Harvard Kennedy School’s Future of Diplomacy Project is proud to name Jake Sullivan a Senior Fellow. He will share his expertise with Kennedy School students and fellows through seminars and study groups on campus, and contribute to the Project’s goal of advancing the public understanding of diplomacy and its practice for the United States. The Future of Diplomacy Project is part of the Kennedy School’s Belfer Center for Science and International Affairs.
“I am delighted to welcome Jake as a Senior Fellow with the Future of Diplomacy Project,” said Nicholas Burns, Goodman Family Professor of the Practice of Diplomacy and International Relations at HKS and Faculty Director of the Future of Diplomacy Project. “His consequential experience on the Iran Nuclear Negotiations and as a senior adviser to former Secretary of State Hillary Clinton and Vice President Joe Biden speaks for itself. He is one of the most impressive foreign policy thinkers and practitioners in the United States today. Our students, fellows and faculty will learn much from him.”
Cathryn Clüver, the Project’s Executive Director, said, “Jake Sullivan is exemplary for our students. He has played an instrumental role as a member of the most critical negotiations of the past administration. Our students will benefit immensely from his experience.”

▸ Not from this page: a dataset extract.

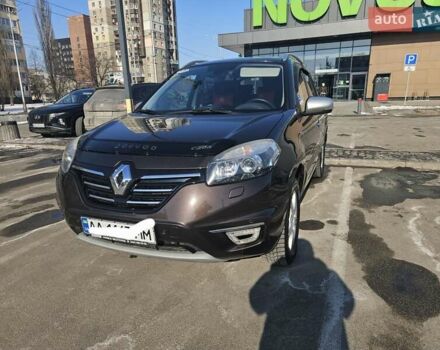 Коричневий Рено Колеос, об'ємом двигуна 2.49 л та пробігом 120 тис. км за 15000 $, фото 1 на Automoto.ua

Sullivan has been a distinguished visiting lecturer at Yale Law School since 2014, and was senior policy advisor to Hillary Clinton’s 2016 presidential campaign. Previously, he served as Director of Policy Planning at the U.S. Department of State and as National Security Adviser to Vice President Joe Biden. During his tenure in government, Sullivan launched the negotiations that resulted in the nuclear agreement with Iran and played a key role in the opening to Burma. He holds undergraduate and law degrees from Yale and a master's degree from Oxford. He has worked for current Brookings Institution President Strobe Talbott at the Yale Center for the Study of Globalization and with Les Gelb at the Council on Foreign Relations. Sullivan’s career includes a number of prestigious assignments, including a tenure as clerk to Justice Stephen Breyer of the U.S. Supreme Court.

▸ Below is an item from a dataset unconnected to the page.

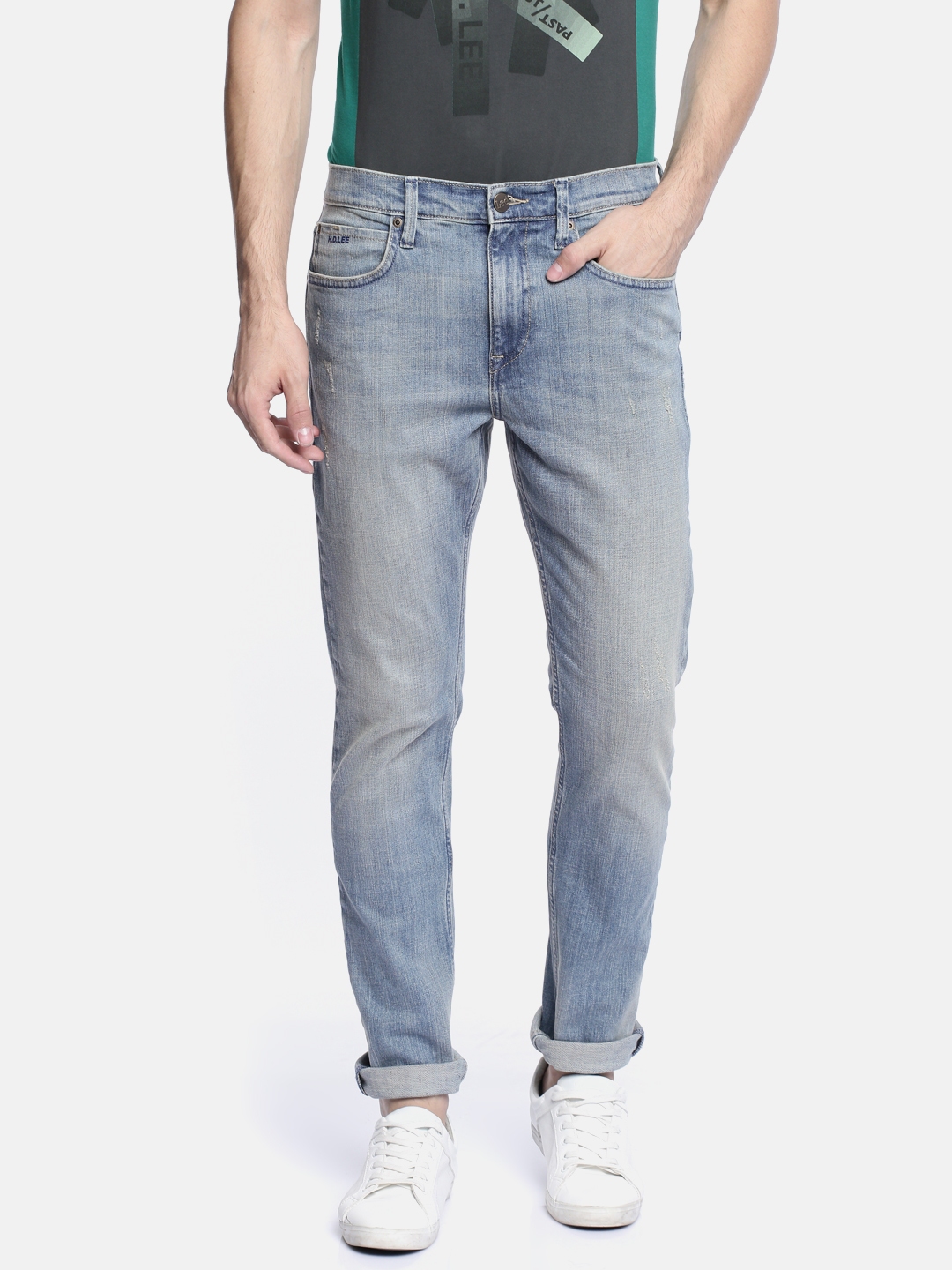 myntra lee jeans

Sullivan visited HKS in 2012 as part of the Future of Diplomacy Project’s international speaker series, while serving as Director of Policy Planning at the Department of State, and again in 2014, while Senior Adviser to the U.S. government for the Iran nuclear negotiations. During these visits, he spoke about crafting a more proactive U.S. foreign policy stance and trends in US foreign policy under the Obama administration, respectively.
Sullivan joins seven distinguished leaders currently serving as Future of Diplomacy Project Senior Fellows: Douglas Alexander, former U.K. Shadow Foreign Secretary; Robert Danin, Senior Fellow at the Council on Foreign Relations; Paula Dobriansky, former U.S. Under Secretary of State for Democracy and Global Affairs; Ayaan Hirsi Ali, bestselling author and founder of the AHA foundation; David Ignatius, author and Washington Post columnist; Cameron Munter, former U.S. Ambassador to Pakistan; and Farah Pandith, former Special Representative to Muslim Communities at the U.S. Department of State.
Led by Nicholas Burns (Faculty Director) and Cathryn Clüver (Executive Director), the Future of Diplomacy Project at the Belfer Center for Science and International Affairs is dedicated to promoting the study and understanding of diplomacy, negotiation and statecraft in international politics today. The Project aims to build Harvard Kennedy School’s ability to teach in this area, to support research in modern diplomatic practice and to build public understanding of diplomacy’s indispensible role in an increasingly complex and globalized world.